Projet de loi modificatif--Deuxième lecture--Suite du débat

6 novembre 2025


L’honorable Elizabeth Marshall [ + ]

Honorables sénateurs, je prends aujourd’hui la parole en tant que porte-parole pour le projet de loi S-217, présenté par le sénateur Downe et intitulé Loi modifiant la Loi sur l’Agence du revenu du Canada (rapports concernant l’impôt sur le revenu impayé). Bien que mon rôle de porte-parole consiste normalement à critiquer, il se trouve que j’appuie pleinement ce projet de loi. J’espère que, cette fois-ci, il sera adopté et entrera en vigueur.

Comme la plupart d’entre vous le savent, le sénateur Downe défend cette cause depuis plus de 10 ans. Son premier projet de loi d’intérêt public sur la question a été déposé au Sénat en avril 2015, sous le numéro S-226, mais il est mort au Feuilleton quand les élections ont été déclenchées cette année-là. Il a présenté à nouveau le projet de loi sous le numéro S-243, en 2018. Celui-ci a été adopté par le Sénat avec quelques amendements mineurs apportés en comité, puis il a atteint l’étape de la deuxième lecture à l’autre endroit.

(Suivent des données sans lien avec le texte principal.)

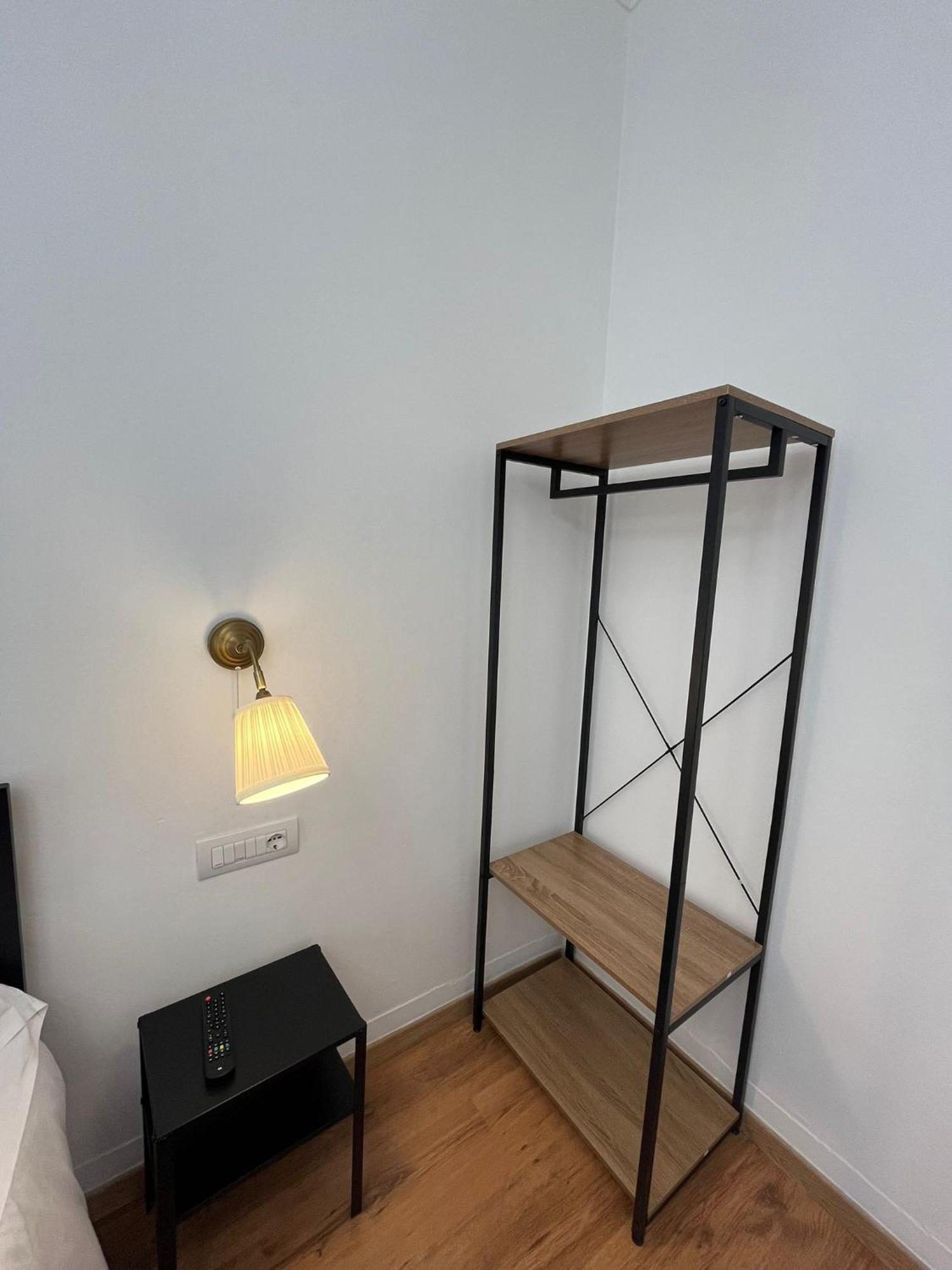 Oriani Bnb Bed and Breakfast Φλωρεντία Εξωτερικό φωτογραφία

Le projet de loi S-258 en était la version suivante, présentée en mars 2023 et intégrant les modifications qui avaient été recommandées lors du débat sur le projet de loi précédent. Le projet de loi S-258 a été adopté à l’étape de la deuxième lecture, puis étudié par le Comité des finances nationales, qui, à cette fin, a tenu deux réunions et entendu l’Agence du revenu du Canada et le directeur parlementaire du budget.

Alors que l’Agence du revenu du Canada a tenté de démontrer que le projet de loi était inutile et injustifié, le directeur parlementaire du budget de l’époque l’a fortement approuvé en déclarant que le projet de loi S-258 renforcerait la capacité du directeur parlementaire du budget à accéder aux données sur le manque à gagner fiscal nécessaires à la réalisation d’une analyse indépendante. Il a ajouté qu’une telle analyse serait selon lui très utile aux parlementaires et aux Canadiens.

Le Sénat a adopté le projet de loi S-258 sans amendement en juin 2024, mais malheureusement, la prorogation du Parlement a entraîné sa mort au Feuilleton de l’autre endroit.

Le projet de loi actuel, le projet de loi S-217, a fait l’objet d’un examen minutieux au fil des ans et a reçu à plusieurs reprises un appui important au Sénat. J’espère sincèrement que cette dernière version recevra le même appui, non seulement au Sénat, mais également à l’autre endroit.

Le projet de loi S-217 est identique au projet de loi S-258. Il prévoit trois modifications principales à la Loi sur l’Agence du revenu du Canada. Premièrement, il exige que l’Agence du revenu du Canada produise au moins une fois tous les trois ans des statistiques sur le manque à gagner fiscal. Deuxièmement, il oblige le ministre du Revenu national à fournir les données sur le manque à gagner fiscal au directeur parlementaire du budget. Troisièmement, il exige que l’Agence du revenu du Canada énumère toutes les condamnations pour évasion fiscale, y compris celles pour évasion fiscale internationale, dans le rapport qu’elle soumet chaque année au ministre du Revenu national.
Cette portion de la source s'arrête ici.